CBS 8 did a side-by-side comparison using current fuel prices in San Diego.
Brian Hall is the Art Director at CBS 8. He drives an all-electric Fiat and he does not have rooftop solar.
“It’s a 2019. It’s the electric version of the Fiat 500. And, it’s just a little car to scoot around town in,” said Hall. “If we had solar it would be almost free to drive.”
First, Hall charged up his EV to 100 percent. Then, he drove exactly 10 miles.
Because Hall owns an electric vehicle, SDG&E gives him a reduced rate for charging his vehicle after midnight.
“Because I charge at night after midnight, I get a special time-of-day rate which is under 20 cents per kilowatt hour,” said Hall.
But for this test, we are going to assume Hall does not charge after midnight and we’ll use the average San Diego County electricity rate of 36.5 cents per kilowatt hour, as determined for December 2021 by the Bureau of Labor Statistics.
After driving 10 miles, Hall re-charged his car to 100%. It took 2.88 hours, and we multiplied that by the average rate of 36.5 cents per hour.
“Topping up my car after driving 10 miles cost $1.05,” said Hall.
So, again, a 10 mile drive in Hall’s electric car cost him $1.05 to recharge.
Over the next eight years, San Diego County is going to need more than 100,000 additional electric vehicle charging stations at an estimated cost of more than $1 billion, according to the California Energy Commission and current cost estimates of EV charging station installations.
As a result, there is a debate over whether SDG&E ratepayers may have to foot the bill for some of those installations.
Will SDG&E install a portion of the charging stations and then apply for reimbursement of the capital costs, whereby the charges show up on ratepayer bills?
Or, will the State take bids from private companies, and fund incentives to the private sector to encourage ownership and maintenance of charging stations across San Diego?
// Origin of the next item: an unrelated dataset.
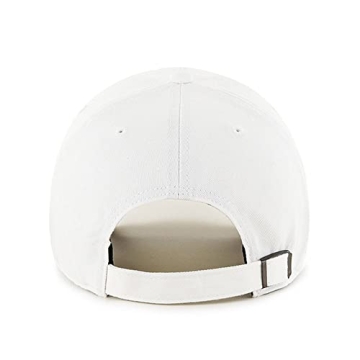 Shop 47 Dodgers Clean Up Dad Hat in White on White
One billion dollars is a lot of money, so you can see why there’s a huge debate over whether ratepayers are going to have to foot the bill for some of those huge expenses.
For the second part of CBS 8’s vehicle test, we used a 2018 Hyundai Kona, topping off the tank at a local gas station. Next, we hit the road for the 10-mile drive.
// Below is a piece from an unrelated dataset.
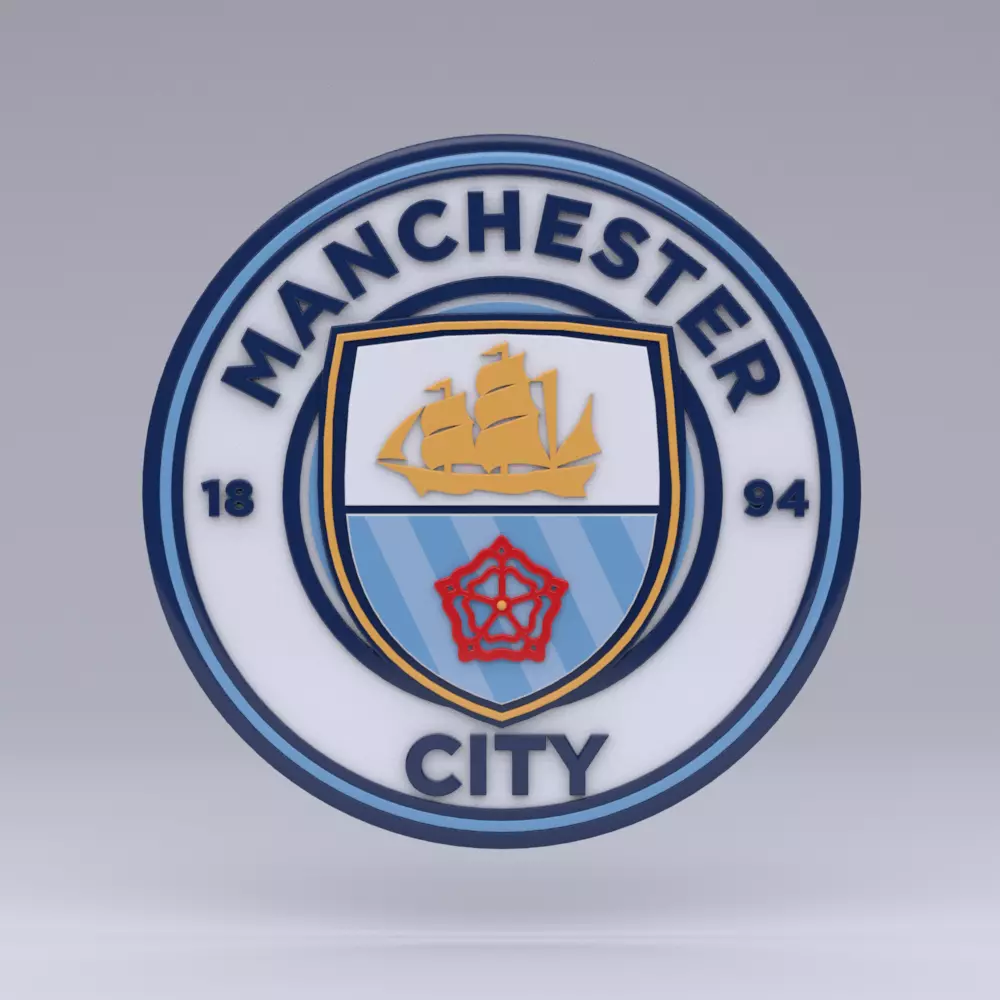 Manchester city Logo 3D model_0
The price of gasoline at the Tierrasanta gas station was $4.39 per gallon. After 10 miles of driving, it took a little bit more than a half a gallon of gasoline to top off the tank, costing $2.54.
That’s more than twice as much as Brian Hall paid to charge his EV after driving the same mileage which, again, was $1.05.
Our unscientific test showed that driving an electric car was cheaper than driving a gasoline-powered car, at least for the specific vehicles used in our example. A 10-mile drive may not be indicative of overall average costs.
And, of course, the electric vehicle produced zero emissions.
Watch: How household appliances are polluting air in California (Feb 14, 2022)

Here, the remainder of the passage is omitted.